Tigers are difficult to watch even for faithful

Sigh.

After meticulously counting down the moments until Opening Day arrived at Comerica Park, sitting through a 9-19 showing in spring training and returning north for eight miserable losses, I remember now why I was so eager to forget the last Tigers baseball season.

Call me crazy (and I'm sure you will), but when Detroit finished 55-106 last year, I really, really thought this year couldn't be any worse.

It was the worst season Detroit had since 1996. The Tigers have finished short of 55 wins just three times in 100 seasons of baseball.

Watching Bobby Higginson get hit with the ball to kill a comeback Wednesday, I'm beginning to think this year the Tigers finally might outdo themselves.

Given that they'd averaged just one run a game until Wednesday, I was ecstatic when, in the top of the seventh, my boys came roaring back from a 9-1 deficit against the Royals to pull within three. I whooped and hollered and ran around the newsroom like a fool, certain April 9 was going to be the day the Tigers would win their first of the season.

With Higgy on first in the bottom of the ninth, Carlos Peña belts a nice single up the middle. I rejoice - for all of maybe half a second, until I realize Peña's "nice single" had just struck Higginson for the game's final out.
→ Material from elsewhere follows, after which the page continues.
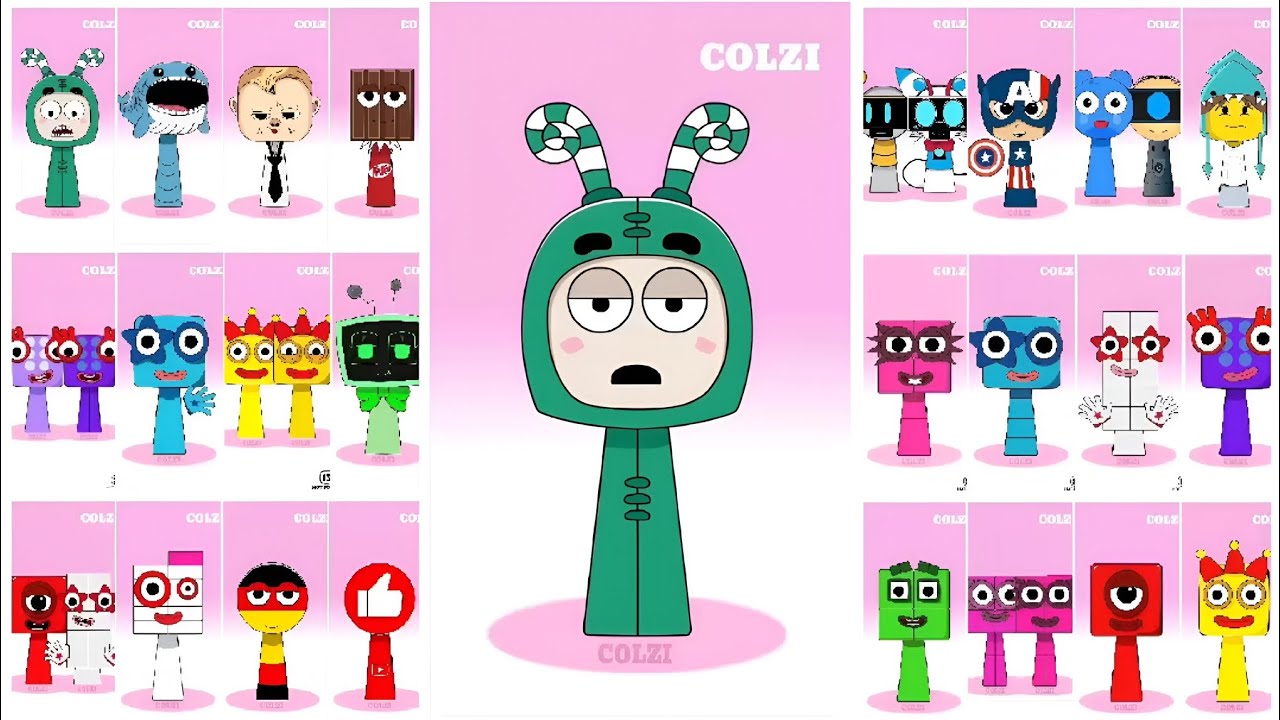 Sprunki OC Mega - Mix Phase 2 #sprunki #sprunkioc #incredibox #incrediboxsprunki #numberblocks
I drop to the ground, crushed, and my coworkers pelt me with hysterical laughter and Tigers jokes.

I'm told it's even more fun because I take baseball - and the Tigers - "just a little too seriously."

"Hey D," someone says.

I wince because I know exactly what's coming. "What?"
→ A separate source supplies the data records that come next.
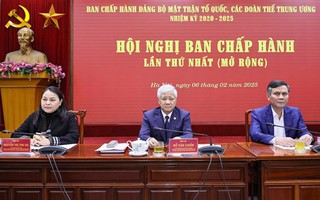 Hội nghị lần thứ nhất Ban Chấp hành Đảng bộ Mặt trận Tổ quốc, các đoàn thể Trung ương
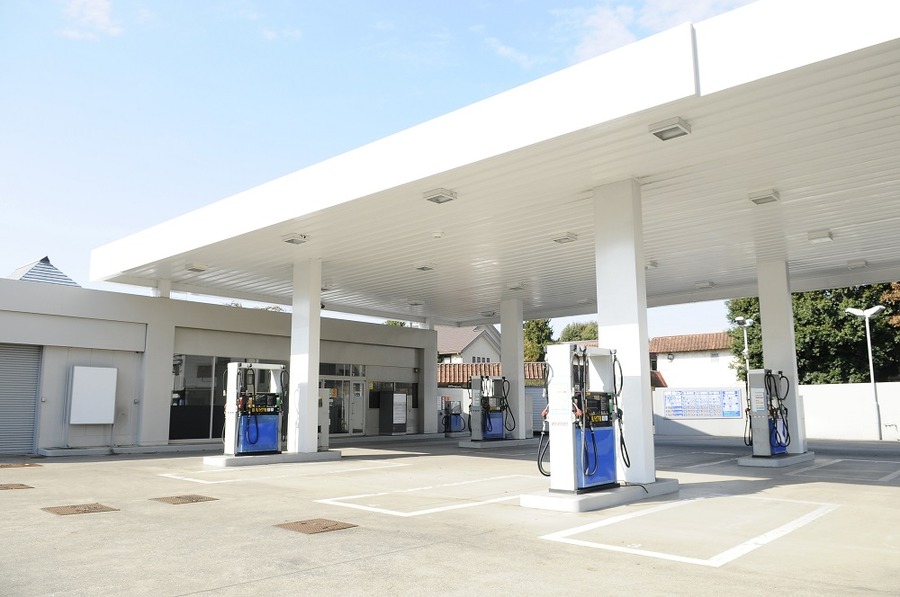 ガソリンスタンドの覆面調査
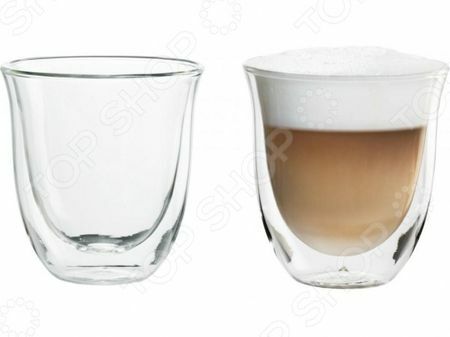 Szklanki do kawy DELONGHI CAPPUCCINO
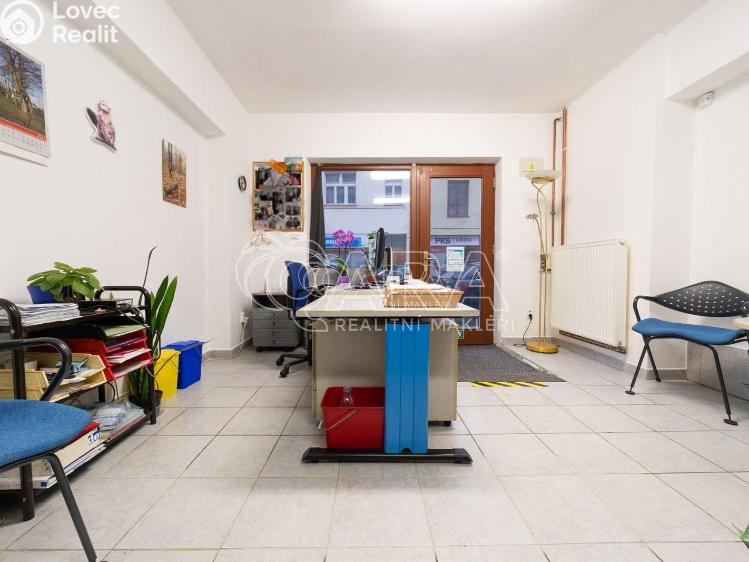 Pronájem obchodního prostoru Chrudim, Soukenická č. 8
"We took a poll to see when the Tigers would win their first game and I picked April."

Of course, I fall right into the trap. "Really?"

"Yeah, but I didn't mean this April."

God, I wish I were dead.

I could fool myself into thinking things will get better and knowing me, I'll probably try. I've been to Comerica Park a few times this year already and have gauged the fresh, energetic young faces against the haggard, torn mugs I saw at the end of 2002. They might not have experience or an abundance of talent, but damn it, these guys have spirit.

And then again, today is only game nine of 162.

The fact that this season happens to coincide with my quarter-life crisis isn't helping any either. And yes, I said "quarter-life crisis." I'm 21, single and a Tigers fan. If that's not enough, I'm in my sixth year of college and plan to graduate around the time Detroit brings home its next winning season. The gods surely must be laughing at me.

What happened to baseball in Detroit, and what will it take to restore the roar?

Here's my two cents. Gibby, Tram and Lance are already on the sidelines. Why not call up Lou, Chet and Darrell Evans and toss them a glove as well? Petry and Kaline are always hanging around too. Twenty years later and the golden oldies still couldn't be any worse than the team I'm watching now.

Yes, it is with a heavy heart I admit that my unfailing optimism might finally have faltered. I'll still go to every game I can afford, and will still root for my home team even as my collection of anti-Tigers comics and articles grow (courtesy of my coworkers, of course) to engulf the walls of my tiny desk.

But now I've resigned myself to the fact that at the tender age of three, I might have witnessed my last World Series championship as a Tigers fan.

Will Detroit win a game this month? Perhaps the question should be if a team can really go 0-162. I believe now that if such a feat can be accomplished, my Tigers have a much better shot at it than anyone out there.

But at least then they'll be first at something, right?